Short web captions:
────────────────────
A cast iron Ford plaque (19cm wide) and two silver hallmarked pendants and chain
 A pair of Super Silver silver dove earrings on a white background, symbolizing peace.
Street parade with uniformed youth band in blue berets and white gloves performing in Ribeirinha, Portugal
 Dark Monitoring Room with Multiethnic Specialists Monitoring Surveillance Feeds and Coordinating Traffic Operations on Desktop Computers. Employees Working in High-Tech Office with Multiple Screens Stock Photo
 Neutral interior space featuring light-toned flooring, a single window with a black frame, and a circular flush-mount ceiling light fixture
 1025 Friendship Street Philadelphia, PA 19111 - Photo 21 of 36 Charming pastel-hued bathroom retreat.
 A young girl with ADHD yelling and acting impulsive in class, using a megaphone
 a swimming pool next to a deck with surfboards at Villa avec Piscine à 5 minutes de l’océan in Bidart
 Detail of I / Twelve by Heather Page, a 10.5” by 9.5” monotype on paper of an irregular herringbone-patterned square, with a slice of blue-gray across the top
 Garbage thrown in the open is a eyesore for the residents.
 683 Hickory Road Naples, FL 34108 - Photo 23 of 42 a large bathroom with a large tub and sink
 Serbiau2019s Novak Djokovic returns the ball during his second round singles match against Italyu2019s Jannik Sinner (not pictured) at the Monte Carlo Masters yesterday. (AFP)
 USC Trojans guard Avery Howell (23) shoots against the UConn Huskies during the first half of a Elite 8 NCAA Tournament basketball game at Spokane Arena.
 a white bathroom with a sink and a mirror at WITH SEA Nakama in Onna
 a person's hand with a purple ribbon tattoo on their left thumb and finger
────────────────────
WHAT YOU WILL DO:
From the first line to the last, return the records unchanged.

TASK RESULT:
A cast iron Ford plaque (19cm wide) and two silver hallmarked pendants and chain
 A pair of Super Silver silver dove earrings on a white background, symbolizing peace.
Street parade with uniformed youth band in blue berets and white gloves performing in Ribeirinha, Portugal
 Dark Monitoring Room with Multiethnic Specialists Monitoring Surveillance Feeds and Coordinating Traffic Operations on Desktop Computers. Employees Working in High-Tech Office with Multiple Screens Stock Photo
 Neutral interior space featuring light-toned flooring, a single window with a black frame, and a circular flush-mount ceiling light fixture
 1025 Friendship Street Philadelphia, PA 19111 - Photo 21 of 36 Charming pastel-hued bathroom retreat.
 A young girl with ADHD yelling and acting impulsive in class, using a megaphone
 a swimming pool next to a deck with surfboards at Villa avec Piscine à 5 minutes de l’océan in Bidart
 Detail of I / Twelve by Heather Page, a 10.5” by 9.5” monotype on paper of an irregular herringbone-patterned square, with a slice of blue-gray across the top
 Garbage thrown in the open is a eyesore for the residents.
 683 Hickory Road Naples, FL 34108 - Photo 23 of 42 a large bathroom with a large tub and sink
 Serbiau2019s Novak Djokovic returns the ball during his second round singles match against Italyu2019s Jannik Sinner (not pictured) at the Monte Carlo Masters yesterday. (AFP)
 USC Trojans guard Avery Howell (23) shoots against the UConn Huskies during the first half of a Elite 8 NCAA Tournament basketball game at Spokane Arena.
 a white bathroom with a sink and a mirror at WITH SEA Nakama in Onna
 a person's hand with a purple ribbon tattoo on their left thumb and finger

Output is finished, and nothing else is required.